A "Scene & Herd" report for The Oregonian's A&E on April 2, 2004. Please note my far more skeptical review of a re-edit of this film in Feb. 2006.
It's Saturday night at the Bagdad, and there's a line around the block for a movie about.... What the hell is this movie about again?
"My teacher said it was homework," says one young woman in line. For which class? "Yoga."
A clue! This prompts a survey of the line, which snakes around the corner for "What the BLEEP Do We Know?" -- which is, it turns out, a slick semi-documentary about the spiritual implications of quantum physics. Suddenly one notices that this is a real wellness-oriented crowd, no matter the many pitchers of beer they consume over the next two hours. Half the folks in line look like they study some sort of body-work, radiating that special brand of holistic self-satisfaction; the crowd skews young and cable-sweatered. The women wear baby tees sporting complicated Hindu-lite emblems that look like they fell off Sobé bottles. The men wear scarves.
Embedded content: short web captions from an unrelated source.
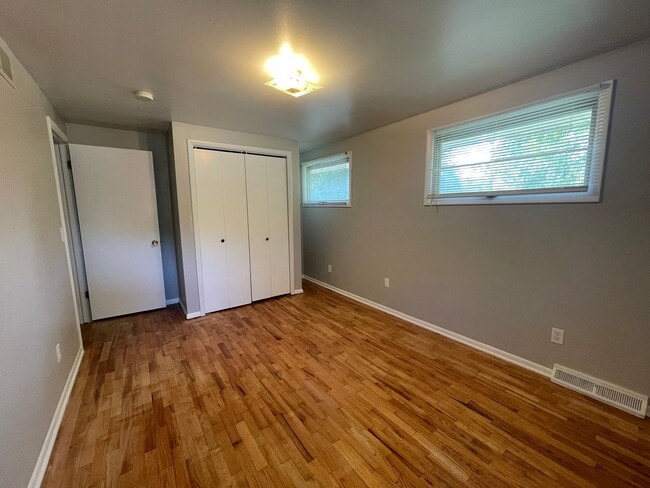 Building Photo - Spacious 2 Story in Portage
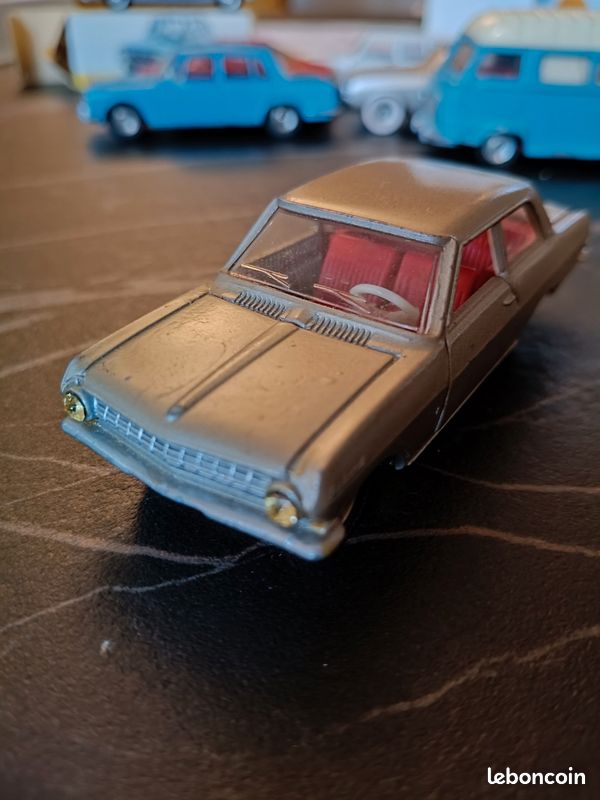 Dinky Toys 542 - Opel Rekord - Meccano France - Original - Occasion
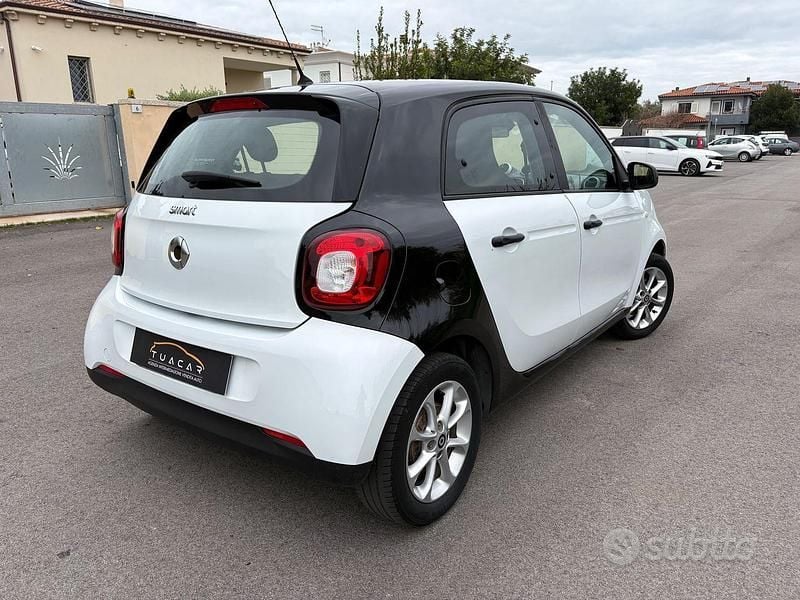 Usata Smart ForFour Passion 71 CV (52 kW) 2019 Bianco Utilitaria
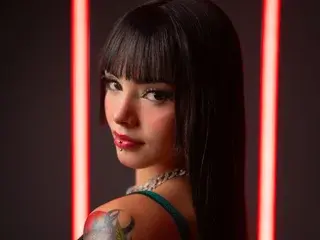 MiiaFoster  live sex cam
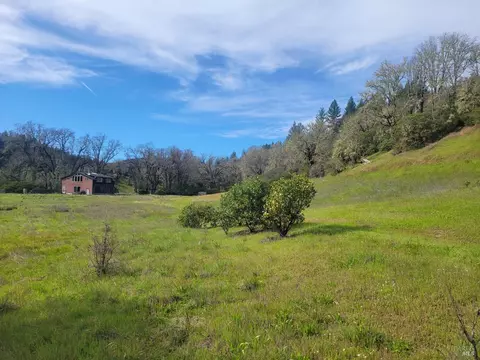 10681 Hearst Rd, Willits, CA 95490 photo 7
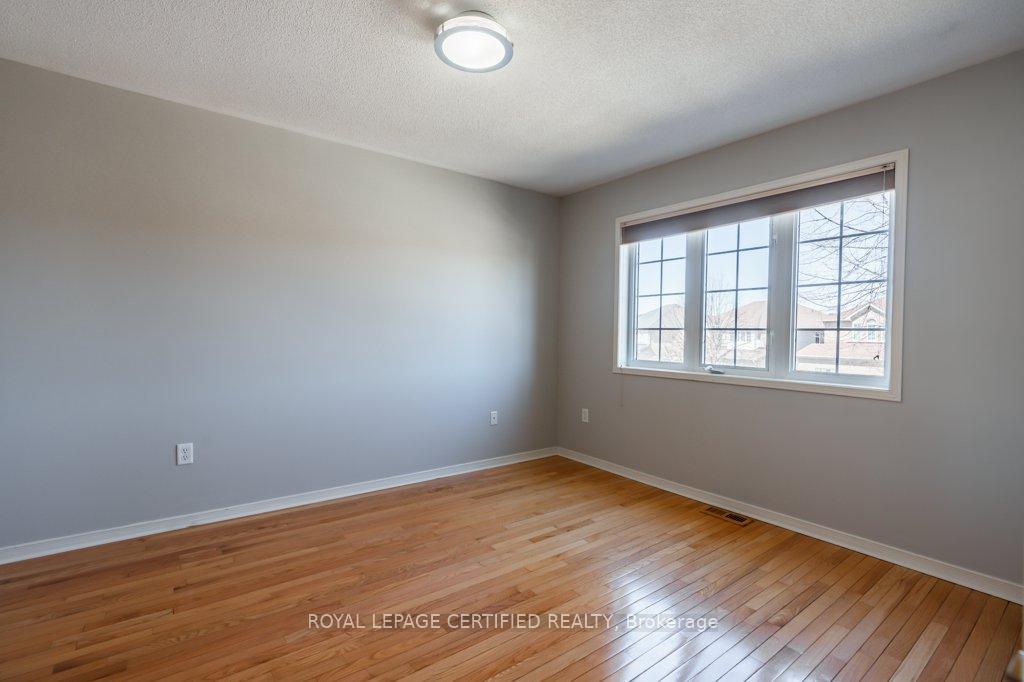 Photo 36 of 29 Woodvalley Drive, Brampton, Fletcher's Meadow — HOMEH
Shot in Portland, "What the BLEEP" -- directed by Mark Vicente, Betsy Chasse and William Arntz and starring Marlee Matlin -- debuted at the Bagdad a few weeks ago. Other than a few newspaper ads and fleeting press, it seems to be building its audience on word of mouth. Screenings have been added at the Mission and the McMinnville Moonlight Theater -- and, if the packed house at the Bagdad is any indication, we may have a sensation on our hands.
"I hear people are lining up to see this on weeknights," adds the yoga student.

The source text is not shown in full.